**WHAT TO DO**
From the line with "vidaXL Deck Chair Bamboo and Canvas Green" through the line with "Creative Corners Classy", inclusive, return each line of the data below exactly and leave the rest out.

**DATA SHOWN**
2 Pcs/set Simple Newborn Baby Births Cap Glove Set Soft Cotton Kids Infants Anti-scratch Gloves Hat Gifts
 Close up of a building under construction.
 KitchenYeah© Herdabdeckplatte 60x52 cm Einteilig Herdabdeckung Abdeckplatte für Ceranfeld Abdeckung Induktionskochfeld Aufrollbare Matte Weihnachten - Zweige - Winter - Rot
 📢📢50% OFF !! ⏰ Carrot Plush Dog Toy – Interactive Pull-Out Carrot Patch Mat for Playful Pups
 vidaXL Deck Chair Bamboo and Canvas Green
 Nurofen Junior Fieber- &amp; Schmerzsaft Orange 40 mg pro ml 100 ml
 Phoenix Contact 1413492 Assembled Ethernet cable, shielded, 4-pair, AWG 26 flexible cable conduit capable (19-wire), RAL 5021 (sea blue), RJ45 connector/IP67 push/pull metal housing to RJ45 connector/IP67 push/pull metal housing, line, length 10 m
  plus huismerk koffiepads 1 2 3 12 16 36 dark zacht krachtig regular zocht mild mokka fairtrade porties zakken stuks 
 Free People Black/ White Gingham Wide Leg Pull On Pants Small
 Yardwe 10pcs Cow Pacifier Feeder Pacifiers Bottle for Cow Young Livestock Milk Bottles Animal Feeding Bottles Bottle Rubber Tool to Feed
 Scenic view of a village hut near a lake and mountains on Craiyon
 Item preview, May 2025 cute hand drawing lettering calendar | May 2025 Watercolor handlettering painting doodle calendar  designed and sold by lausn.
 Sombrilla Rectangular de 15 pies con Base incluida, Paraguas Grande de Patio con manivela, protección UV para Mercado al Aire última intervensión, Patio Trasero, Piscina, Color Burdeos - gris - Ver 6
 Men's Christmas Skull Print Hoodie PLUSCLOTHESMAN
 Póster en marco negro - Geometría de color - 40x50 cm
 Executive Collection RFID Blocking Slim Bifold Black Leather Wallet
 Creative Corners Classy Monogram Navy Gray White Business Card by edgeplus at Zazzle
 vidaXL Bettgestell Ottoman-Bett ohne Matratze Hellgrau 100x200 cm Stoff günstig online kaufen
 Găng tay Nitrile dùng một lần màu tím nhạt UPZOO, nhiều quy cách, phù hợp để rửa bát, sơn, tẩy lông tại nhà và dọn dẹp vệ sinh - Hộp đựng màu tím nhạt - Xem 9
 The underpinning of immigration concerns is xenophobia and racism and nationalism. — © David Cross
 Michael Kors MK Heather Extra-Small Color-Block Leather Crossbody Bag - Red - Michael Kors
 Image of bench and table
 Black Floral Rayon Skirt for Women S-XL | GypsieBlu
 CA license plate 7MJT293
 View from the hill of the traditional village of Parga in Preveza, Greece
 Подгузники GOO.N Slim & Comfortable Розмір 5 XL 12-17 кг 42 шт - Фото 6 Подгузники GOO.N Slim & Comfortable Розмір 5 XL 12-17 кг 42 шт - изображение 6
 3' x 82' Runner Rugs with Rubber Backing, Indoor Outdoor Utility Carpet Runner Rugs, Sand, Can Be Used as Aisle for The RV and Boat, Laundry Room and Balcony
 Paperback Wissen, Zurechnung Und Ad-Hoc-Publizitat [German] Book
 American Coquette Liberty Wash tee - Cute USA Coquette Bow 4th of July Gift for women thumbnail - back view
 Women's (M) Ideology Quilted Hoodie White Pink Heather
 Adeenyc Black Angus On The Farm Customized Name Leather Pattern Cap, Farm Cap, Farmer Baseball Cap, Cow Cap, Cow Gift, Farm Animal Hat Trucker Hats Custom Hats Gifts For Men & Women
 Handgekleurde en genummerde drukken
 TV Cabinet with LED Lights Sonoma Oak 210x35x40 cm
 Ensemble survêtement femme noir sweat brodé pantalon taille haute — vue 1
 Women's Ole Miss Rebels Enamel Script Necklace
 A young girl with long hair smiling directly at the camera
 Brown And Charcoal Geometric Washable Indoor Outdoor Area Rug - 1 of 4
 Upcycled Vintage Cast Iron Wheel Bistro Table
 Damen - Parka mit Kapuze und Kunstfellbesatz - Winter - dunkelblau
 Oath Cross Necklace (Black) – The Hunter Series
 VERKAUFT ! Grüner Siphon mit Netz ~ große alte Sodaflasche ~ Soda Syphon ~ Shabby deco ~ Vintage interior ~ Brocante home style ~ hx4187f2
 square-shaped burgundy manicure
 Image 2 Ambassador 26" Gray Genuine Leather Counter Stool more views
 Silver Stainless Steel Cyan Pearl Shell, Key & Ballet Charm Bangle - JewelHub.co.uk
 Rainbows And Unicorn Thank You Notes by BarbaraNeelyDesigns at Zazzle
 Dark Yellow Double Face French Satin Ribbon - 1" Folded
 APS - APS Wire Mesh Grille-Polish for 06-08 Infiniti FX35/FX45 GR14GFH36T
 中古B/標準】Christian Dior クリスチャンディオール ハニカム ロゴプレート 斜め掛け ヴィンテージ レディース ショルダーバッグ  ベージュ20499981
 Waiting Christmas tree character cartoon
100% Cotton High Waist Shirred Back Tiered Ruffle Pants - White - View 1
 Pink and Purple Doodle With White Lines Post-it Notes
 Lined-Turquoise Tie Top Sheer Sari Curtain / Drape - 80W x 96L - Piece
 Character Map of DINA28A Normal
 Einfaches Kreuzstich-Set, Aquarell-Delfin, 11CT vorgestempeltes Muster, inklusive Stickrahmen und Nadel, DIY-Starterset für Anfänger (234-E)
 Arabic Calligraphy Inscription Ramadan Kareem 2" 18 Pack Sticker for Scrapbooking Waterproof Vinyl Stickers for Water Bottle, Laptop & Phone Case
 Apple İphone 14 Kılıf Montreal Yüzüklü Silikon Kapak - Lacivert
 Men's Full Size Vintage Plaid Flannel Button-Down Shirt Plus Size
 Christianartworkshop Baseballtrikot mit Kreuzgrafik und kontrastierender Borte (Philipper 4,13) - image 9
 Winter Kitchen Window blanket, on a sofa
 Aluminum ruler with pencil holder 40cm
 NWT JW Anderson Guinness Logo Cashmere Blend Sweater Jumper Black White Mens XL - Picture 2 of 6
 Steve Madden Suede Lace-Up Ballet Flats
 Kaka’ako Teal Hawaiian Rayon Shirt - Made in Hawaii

**EXERCISE ANSWER**
 vidaXL Deck Chair Bamboo and Canvas Green
 Nurofen Junior Fieber- &amp; Schmerzsaft Orange 40 mg pro ml 100 ml
 Phoenix Contact 1413492 Assembled Ethernet cable, shielded, 4-pair, AWG 26 flexible cable conduit capable (19-wire), RAL 5021 (sea blue), RJ45 connector/IP67 push/pull metal housing to RJ45 connector/IP67 push/pull metal housing, line, length 10 m
  plus huismerk koffiepads 1 2 3 12 16 36 dark zacht krachtig regular zocht mild mokka fairtrade porties zakken stuks 
 Free People Black/ White Gingham Wide Leg Pull On Pants Small
 Yardwe 10pcs Cow Pacifier Feeder Pacifiers Bottle for Cow Young Livestock Milk Bottles Animal Feeding Bottles Bottle Rubber Tool to Feed
 Scenic view of a village hut near a lake and mountains on Craiyon
 Item preview, May 2025 cute hand drawing lettering calendar | May 2025 Watercolor handlettering painting doodle calendar  designed and sold by lausn.
 Sombrilla Rectangular de 15 pies con Base incluida, Paraguas Grande de Patio con manivela, protección UV para Mercado al Aire última intervensión, Patio Trasero, Piscina, Color Burdeos - gris - Ver 6
 Men's Christmas Skull Print Hoodie PLUSCLOTHESMAN
 Póster en marco negro - Geometría de color - 40x50 cm
 Executive Collection RFID Blocking Slim Bifold Black Leather Wallet
 Creative Corners Classy Monogram Navy Gray White Business Card by edgeplus at Zazzle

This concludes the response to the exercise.